Worth noting, said Brian Eyler of the Stimson Center think tank, was the resounding endorsement of the MRC’s reforms under CEO Pham Tuan Phan.
“What was once described as an institution adrift has been transformed into an effective, localized transboundary river organization,” he wrote in an email.
However, he cautioned that it’s up to governments to follow through on using the Council Study for planning and decision-making.
An English translation of Hun Sen’s remarks said members’ “common mandate and goal are to ensure the benefits provided by the Mekong . . . would be sustained for future generations”.
However, the statement otherwise failed to directly mention the Council Study and its dire predictions for the Kingdom’s future, including an up to 40 percent drop in fish biomass by 2040 and billions in lost GDP growth.
Eyler noted that the Council Study’s predictions for the Kingdom are very conservative and “magnitudes lower than most peer-reviewed studies of similar impacts”.
Transcripts of Laos’s and Thailand’s prime ministers’ statements were not immediately available, but according to Eyler, Laos Prime Minister Thongloun Sisoulith appeared set to go ahead with his country’s planned dam projects, which he maintained were properly approved. Eyler said Thai Prime Minister Prayuth Chan-ocha, meanwhile, hinted at an ambition for “for Thailand’s government agencies, academic institutions, and civil society organisations to rise up as the region’s sustainability leader”.
But it was Vietnamese Prime Minister Nguyen Xuan Phuc who most forcefully raised the alarm in his remarks.
“Mekong water resources have been degraded both in quantity and quality, the amounts of alluvium and nutrients are decreasing and the ecosystem and environment are seriously deteriorated,” Nguyen said. “All these negative signs are more permanent and severe in the lower Mekong basin, especially the Mekong delta of Vietnam in particular [where] the protracted drought, saline intrusion, the erosion of coastlines and riverbanks and land subsidence, [and] the livelihoods of over 20 million people are under threat.”
He went on to call for “concrete and timely action” to ensure the basin continues to be the “rice bowl and fishing ground in the region”, as it has been for centuries.

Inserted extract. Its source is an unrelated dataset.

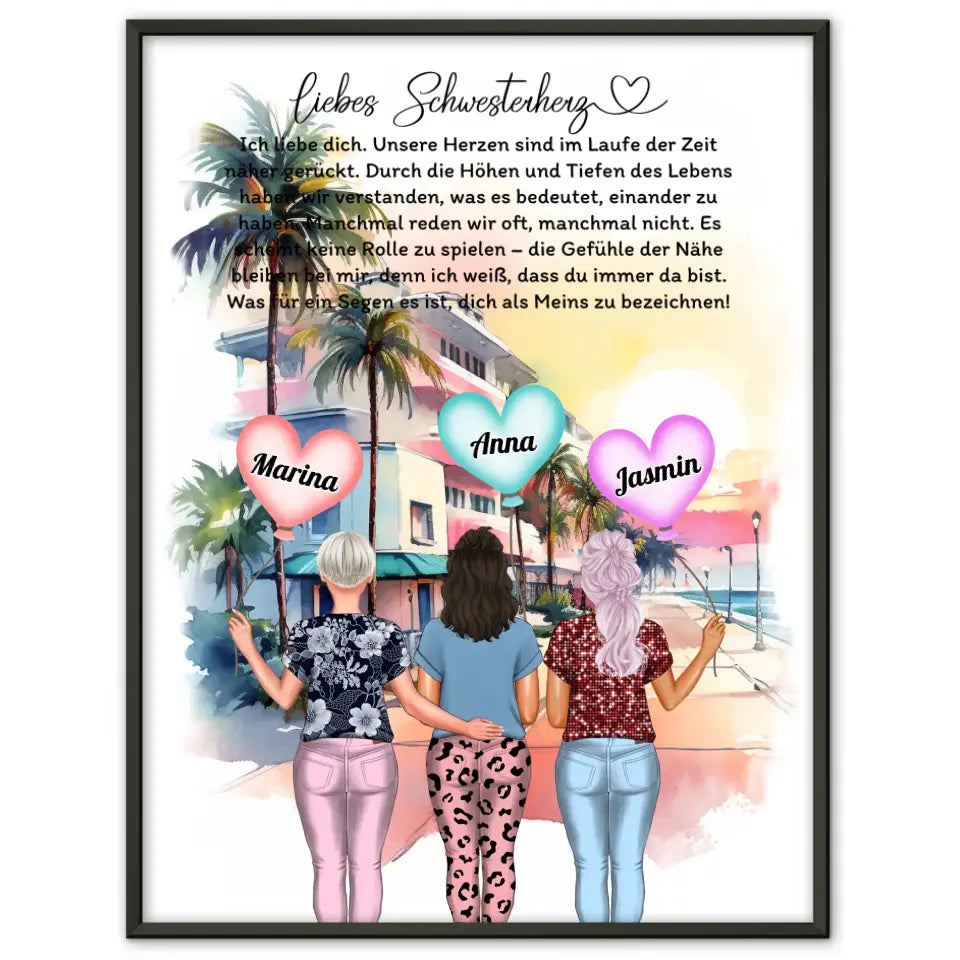 Poster Schwester Personalisiert Schwester Ich Liebe Dich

However, Vietnam aside, conservationists such as Maureen Harris of International Rivers said the declaration and statements “don’t go far enough given the scale of the threats to the basin’s ecosystems and people”.
“However, what is now critical is that the findings and recommendations are taken up by member governments in a meaningful way and used [to] inform policy and practice,” she wrote in an email, noting that renewable alternatives to hydropower must be considered as they are explicitly recommended in the Council Study.
She also called for a moratorium on further hydropower construction “until a regional study of renewable energy technologies . . . is completed,” she said.
Cambodia National Mekong Committee Secretary-General Te Navuth said in an interview on Thursday that while the Kingdom’s position on hydropower hasn’t shifted, the declaration signals a more cautious approach, and an opening to considering alternatives.
“I think the solar and wind power are still not popular in our region, but if they are cheaper then maybe they are an alternative . . . if they can meet the demand,” he said.
Meanwhile, uncertainty remains over China’s ambitions in regional water management and the future of the MRC in light of the establishment of Beijing’s Lancang-Mekong Cooperation Mechanism in 2015, followed by the creation of a water management centre last year. China’s statement at the summit, delivered by Water Resources Minister E Jingping, stated a “willingness” to work with the MRC, and that the LMC “will not replace” but rather “coordinate” with the body.
Harris said China’s involvement in the summit and proposed collaboration between the LMC and MRC “will help address the current lack of accountability for the impacts of existing hydropower projects, including downstream impacts of Lancang dams on riparian communities in the Lower Mekong”.
“The cooperation should include establishing stronger water governance procedures for the basin that include China,” she said.